:: TRY IT ::
A verbatim copy of every record is required, and no pictures should be included.
[Start of section]
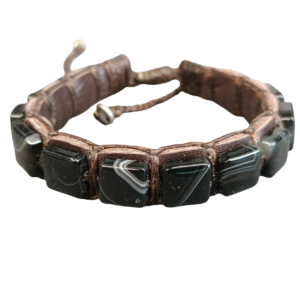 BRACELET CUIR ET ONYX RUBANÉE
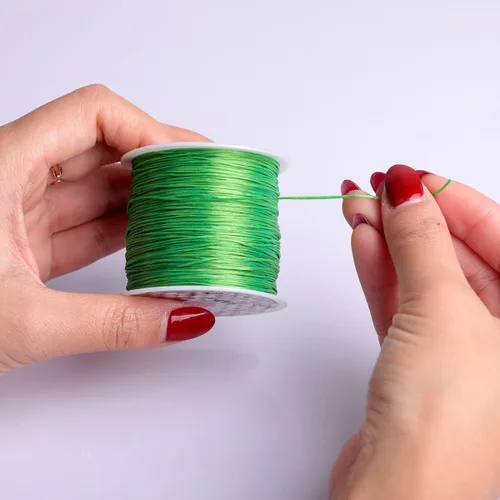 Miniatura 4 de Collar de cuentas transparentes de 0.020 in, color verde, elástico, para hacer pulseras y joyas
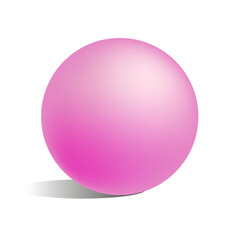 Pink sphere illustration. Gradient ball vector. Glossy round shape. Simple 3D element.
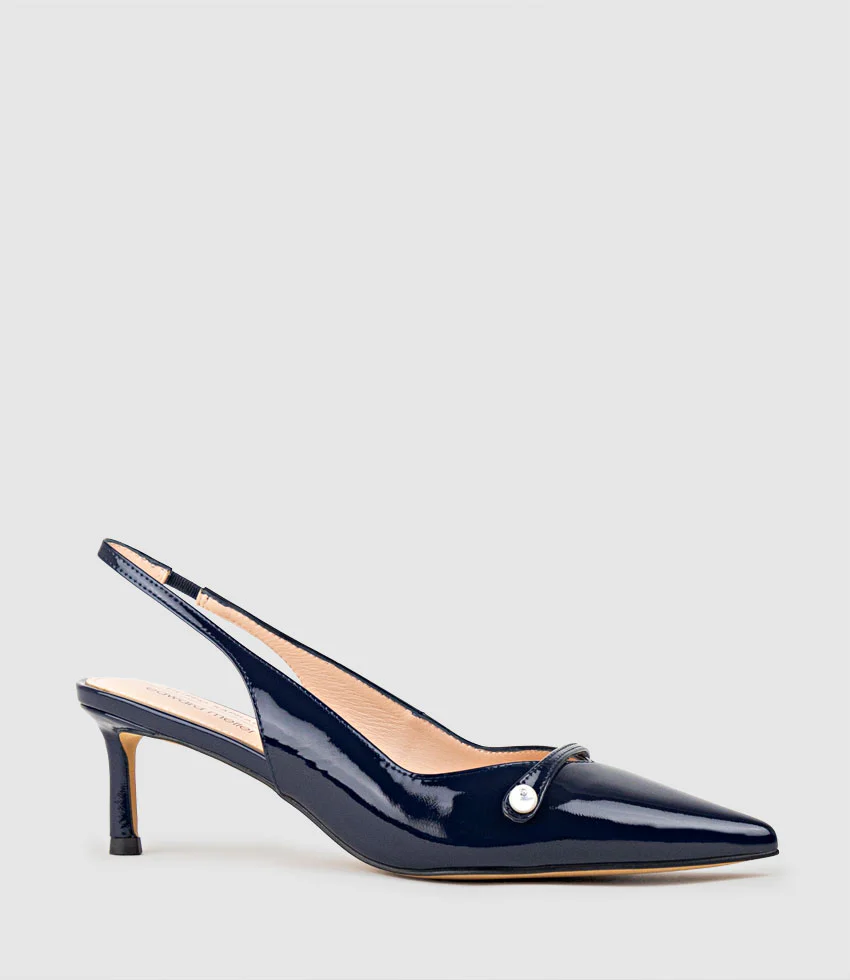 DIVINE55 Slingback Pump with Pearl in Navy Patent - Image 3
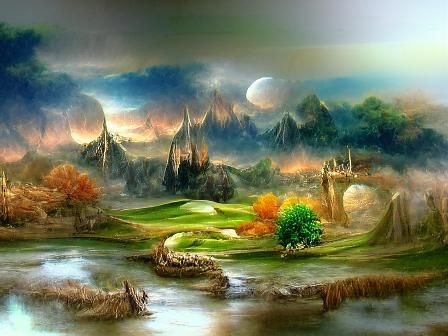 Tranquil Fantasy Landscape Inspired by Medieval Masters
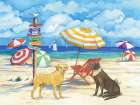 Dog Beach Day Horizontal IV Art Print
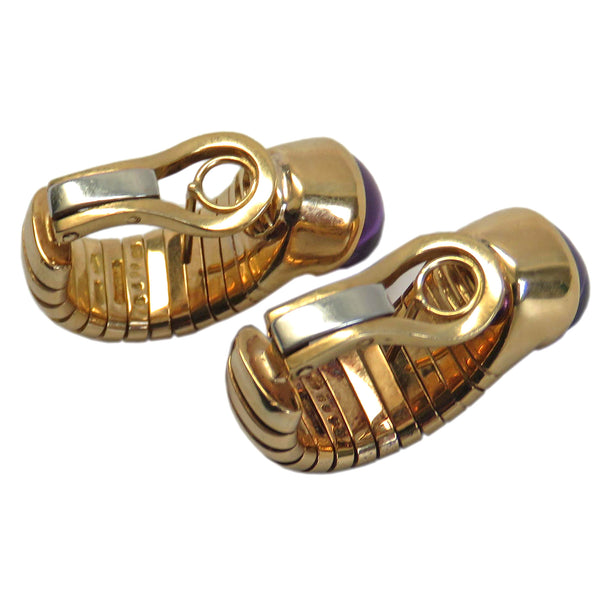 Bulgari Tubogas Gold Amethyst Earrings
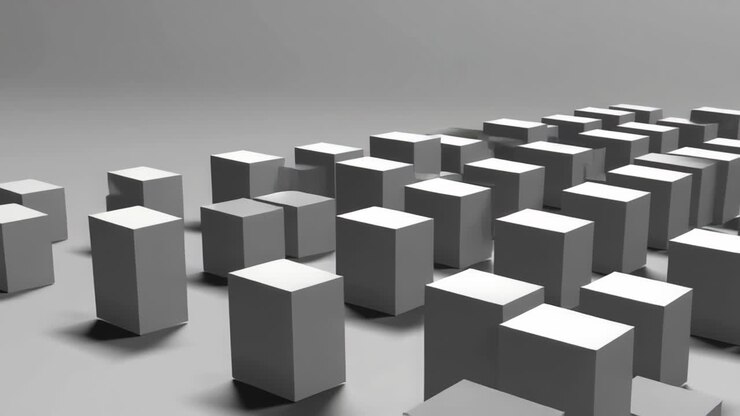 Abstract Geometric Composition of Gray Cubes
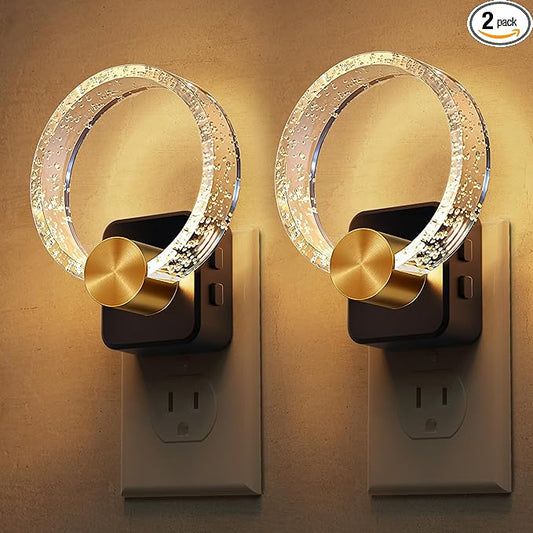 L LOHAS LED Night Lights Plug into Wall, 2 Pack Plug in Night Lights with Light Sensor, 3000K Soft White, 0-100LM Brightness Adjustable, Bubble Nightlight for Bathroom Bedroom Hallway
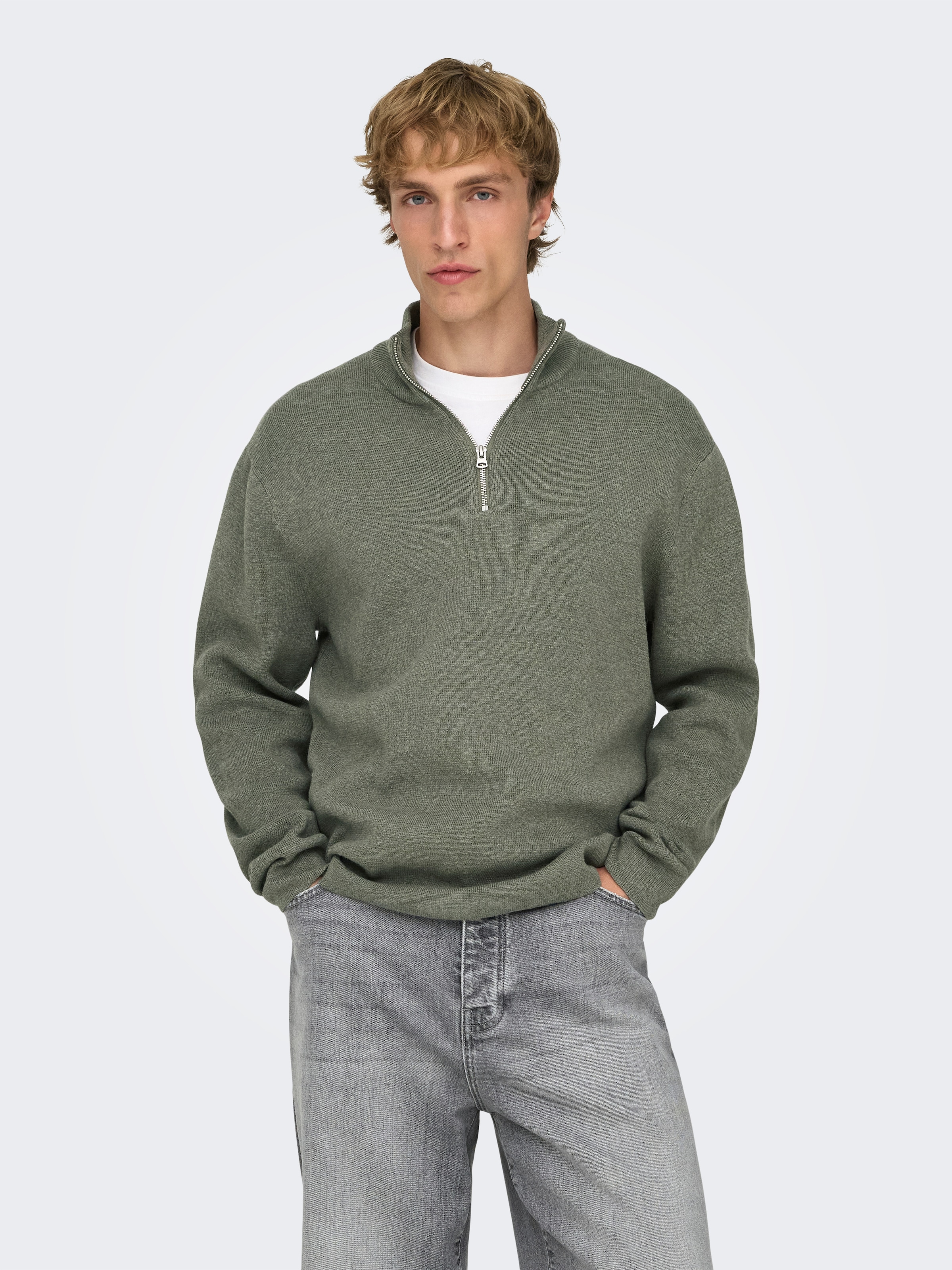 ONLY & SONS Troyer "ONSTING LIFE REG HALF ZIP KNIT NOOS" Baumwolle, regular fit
[End of section]
:: ANSWER SECTION ::
 BRACELET CUIR ET ONYX RUBANÉE
 Miniatura 4 de Collar de cuentas transparentes de 0.020 in, color verde, elástico, para hacer pulseras y joyas
 Pink sphere illustration. Gradient ball vector. Glossy round shape. Simple 3D element.
 DIVINE55 Slingback Pump with Pearl in Navy Patent - Image 3
 Tranquil Fantasy Landscape Inspired by Medieval Masters
 Dog Beach Day Horizontal IV Art Print
 Bulgari Tubogas Gold Amethyst Earrings
 Abstract Geometric Composition of Gray Cubes
 L LOHAS LED Night Lights Plug into Wall, 2 Pack Plug in Night Lights with Light Sensor, 3000K Soft White, 0-100LM Brightness Adjustable, Bubble Nightlight for Bathroom Bedroom Hallway
 ONLY & SONS Troyer "ONSTING LIFE REG HALF ZIP KNIT NOOS" Baumwolle, regular fit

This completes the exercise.